Strategies to address polypharmacy and medication appropriateness have been synthesized in two recent systematic reviews. In general, interventions resulted in decreases in the number of medications taken, and overall medication appropriateness. However, substantial gaps in this knowledge base were also identified. First, no perioperative interventions were identified. Second, overall methodological quality of identified studies was low to very low, with significant issues identified related to study design and inadequate power, poor allocation concealment, and lack of appropriate analytic techniques. Finally, although decreasing the number and inappropriateness of medications are worthwhile outcomes, most studies did not report the impact of these interventions on patient-centered or system-level outcomes.
The preoperative anesthesiology clinic encounter may represent an optimal time to initiate polypharmacy management strategies, as the surgical encounter with the healthcare team is a teachable moment where patients demonstrate extra motivation to make positive changes in their health behaviors. Therefore, the hypothesized positive impact of preoperative polypharmacy management could extend not only into the postoperative period, but also on a longitudinal basis beyond the transition from acute postoperative care.

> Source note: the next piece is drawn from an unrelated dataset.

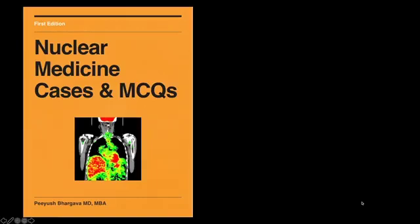Hi, I'm Dr. Bragava. Thank you for letting me be a part of your nuclear medicine learning. This e-book called Nuclear Medicine Cases and MCQs has hundreds of multiple choice questions for you to practice before you take the ABR or ABNM exams.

The preoperative polypharmacy management intervention will be based on a pragmatic, evidence-based, CIHR-funded tool developed by our coinvestigators from McGill for use in elderly inpatients. It has recently been field tested in a 600-patient inpatient study at the Universities of Ottawa, Toronto, and McGill. The tool is a web-based platform developed by experts in internal and geriatric medicine and is based on best-practice guidelines, Choosing Wisely Canada's declarative statements, and evolving issues (such as narcotic and benzodiazepine co-administration). It contains rules that identify PIMs, prioritizes them in terms of risk of harm, and provides deprescribing opportunities for safely stopping medications using the current evidence as well as incorporating patient comorbidities in the analyses.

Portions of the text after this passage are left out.